**What you need to do**
Every line from the one holding "Is It Normal" through the one holding "Deep Detox Pore" in the data below must be returned exactly, both ends included, with pictures left out and nothing else added.

**Data records**
Segment Open
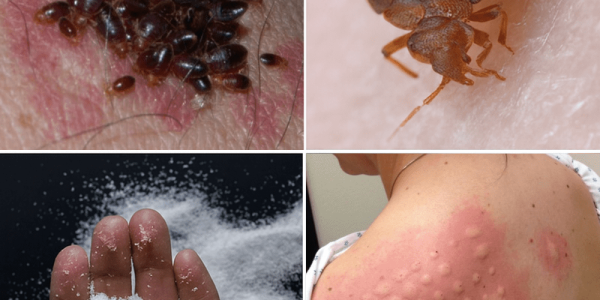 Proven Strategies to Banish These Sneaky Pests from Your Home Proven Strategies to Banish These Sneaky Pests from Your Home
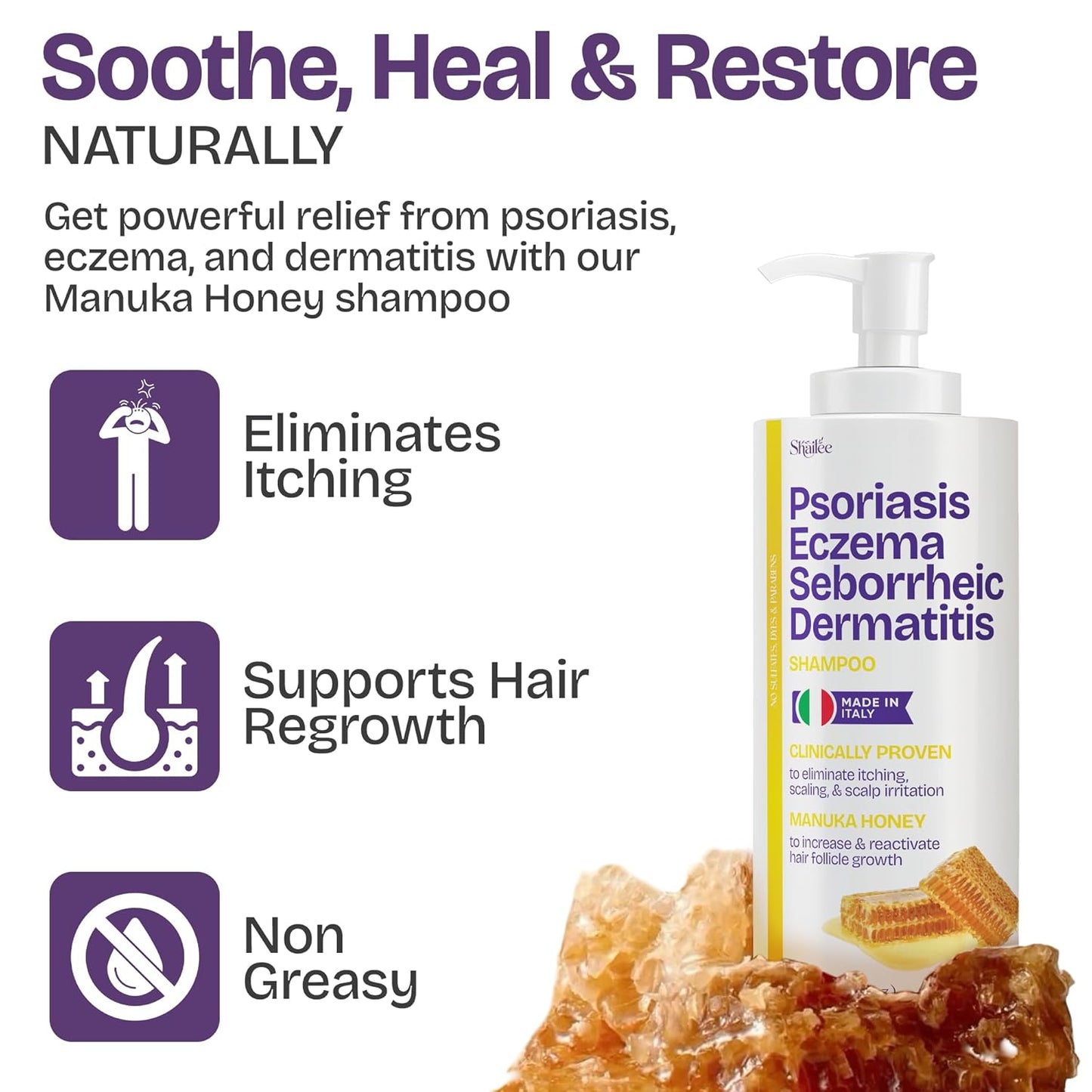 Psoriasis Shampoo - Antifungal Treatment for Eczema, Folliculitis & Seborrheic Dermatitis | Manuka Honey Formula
Segment Closed
Segment Open
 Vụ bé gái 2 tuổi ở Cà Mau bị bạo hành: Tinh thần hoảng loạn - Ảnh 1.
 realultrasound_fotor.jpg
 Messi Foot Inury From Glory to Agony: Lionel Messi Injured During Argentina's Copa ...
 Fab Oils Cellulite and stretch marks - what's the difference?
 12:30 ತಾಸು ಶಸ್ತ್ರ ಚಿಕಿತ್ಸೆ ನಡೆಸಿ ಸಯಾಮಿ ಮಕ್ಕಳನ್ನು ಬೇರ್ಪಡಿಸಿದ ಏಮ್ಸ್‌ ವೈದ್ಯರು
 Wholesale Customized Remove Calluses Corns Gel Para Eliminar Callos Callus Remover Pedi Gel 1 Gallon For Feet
Segment Closed
Segment Open
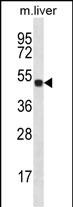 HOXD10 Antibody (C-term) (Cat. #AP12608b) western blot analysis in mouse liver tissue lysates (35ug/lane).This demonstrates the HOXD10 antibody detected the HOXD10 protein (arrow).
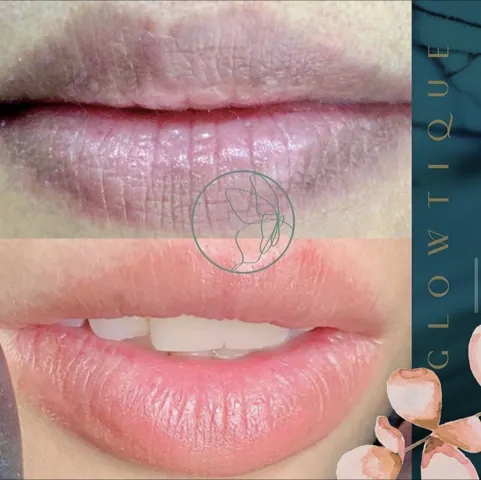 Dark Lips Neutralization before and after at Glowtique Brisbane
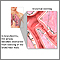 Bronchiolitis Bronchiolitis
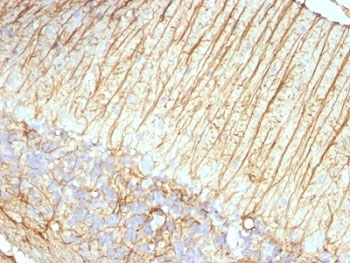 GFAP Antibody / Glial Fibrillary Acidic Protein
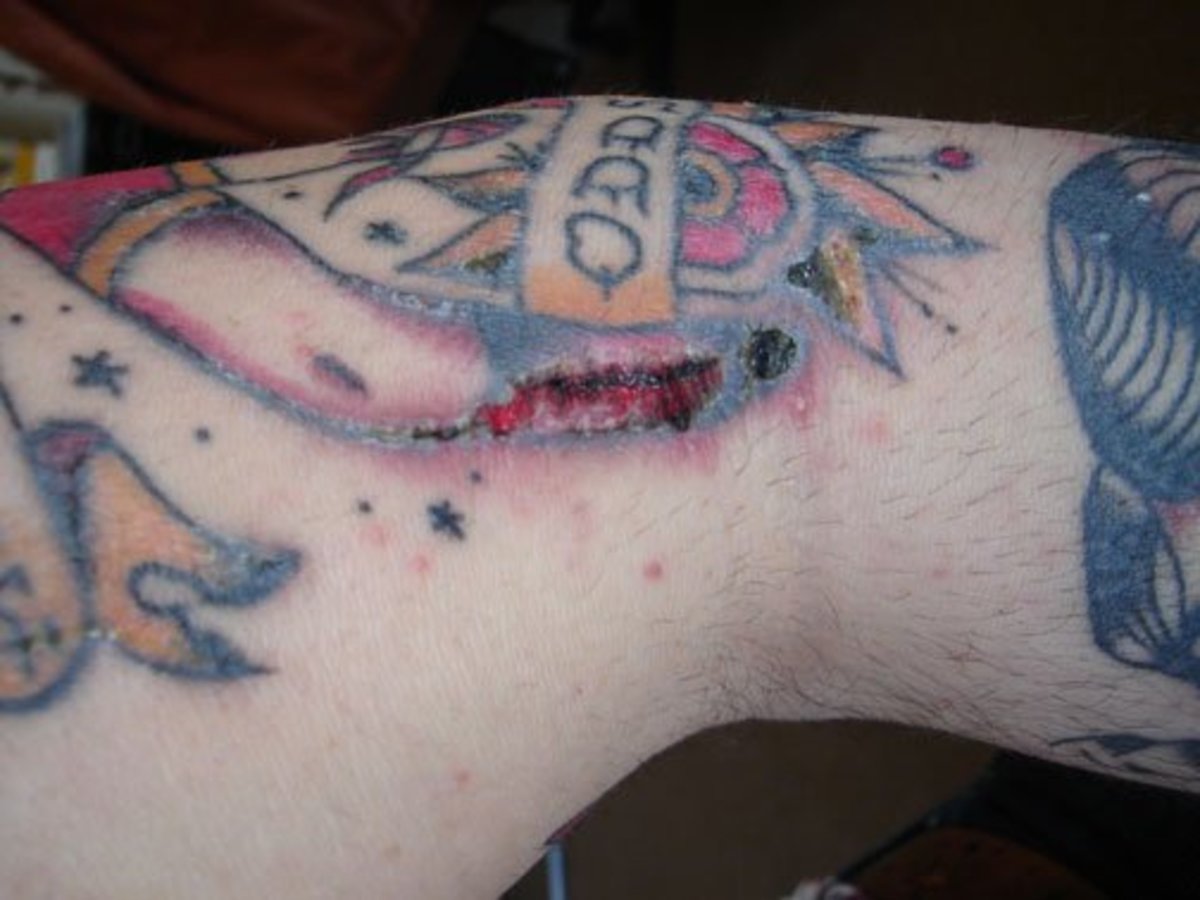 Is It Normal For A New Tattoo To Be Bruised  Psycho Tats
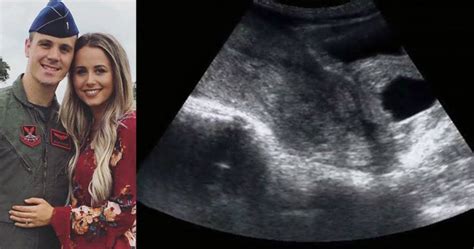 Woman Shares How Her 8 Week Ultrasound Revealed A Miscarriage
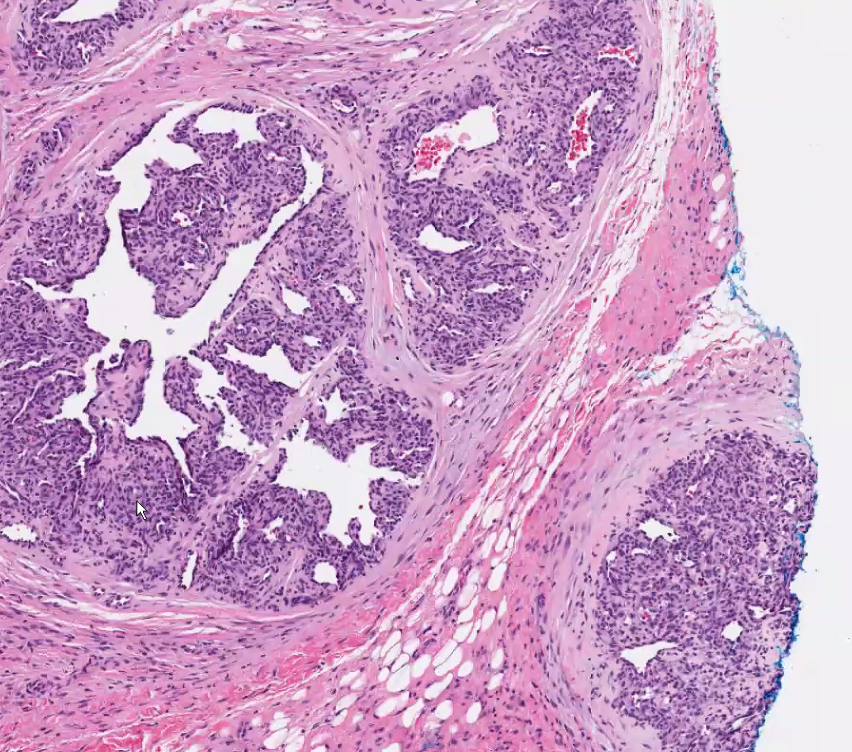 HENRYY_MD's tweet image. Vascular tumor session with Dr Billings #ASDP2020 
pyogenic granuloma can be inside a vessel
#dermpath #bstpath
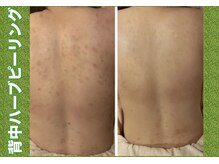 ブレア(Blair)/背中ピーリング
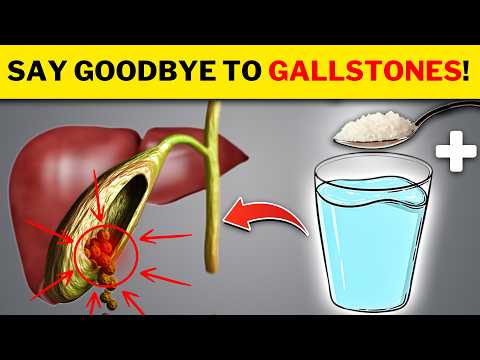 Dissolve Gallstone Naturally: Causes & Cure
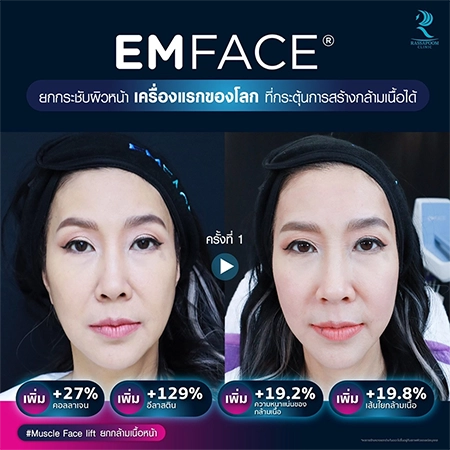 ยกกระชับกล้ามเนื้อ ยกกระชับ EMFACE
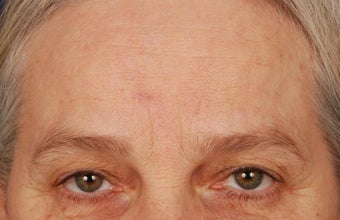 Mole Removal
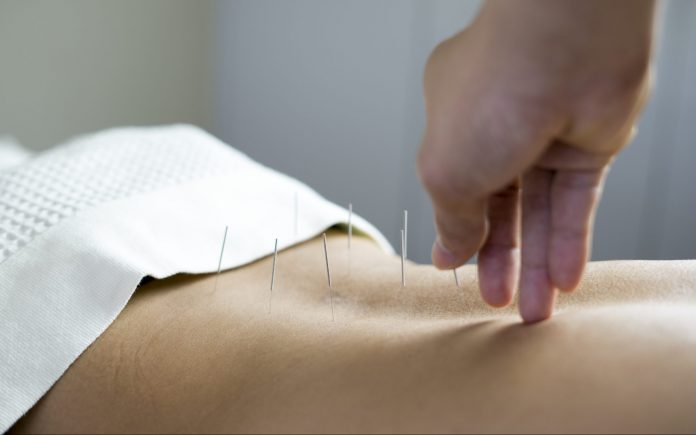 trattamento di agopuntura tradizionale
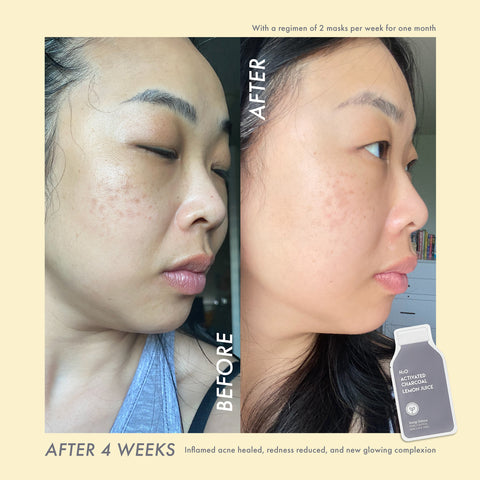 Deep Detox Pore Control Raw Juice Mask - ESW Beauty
Segment Closed
**Finished task**
 Is It Normal For A New Tattoo To Be Bruised  Psycho Tats
 Woman Shares How Her 8 Week Ultrasound Revealed A Miscarriage
 HENRYY_MD's tweet image. Vascular tumor session with Dr Billings #ASDP2020 
pyogenic granuloma can be inside a vessel
#dermpath #bstpath
 ブレア(Blair)/背中ピーリング
 Dissolve Gallstone Naturally: Causes & Cure
 ยกกระชับกล้ามเนื้อ ยกกระชับ EMFACE
 Mole Removal
 trattamento di agopuntura tradizionale
 Deep Detox Pore Control Raw Juice Mask - ESW Beauty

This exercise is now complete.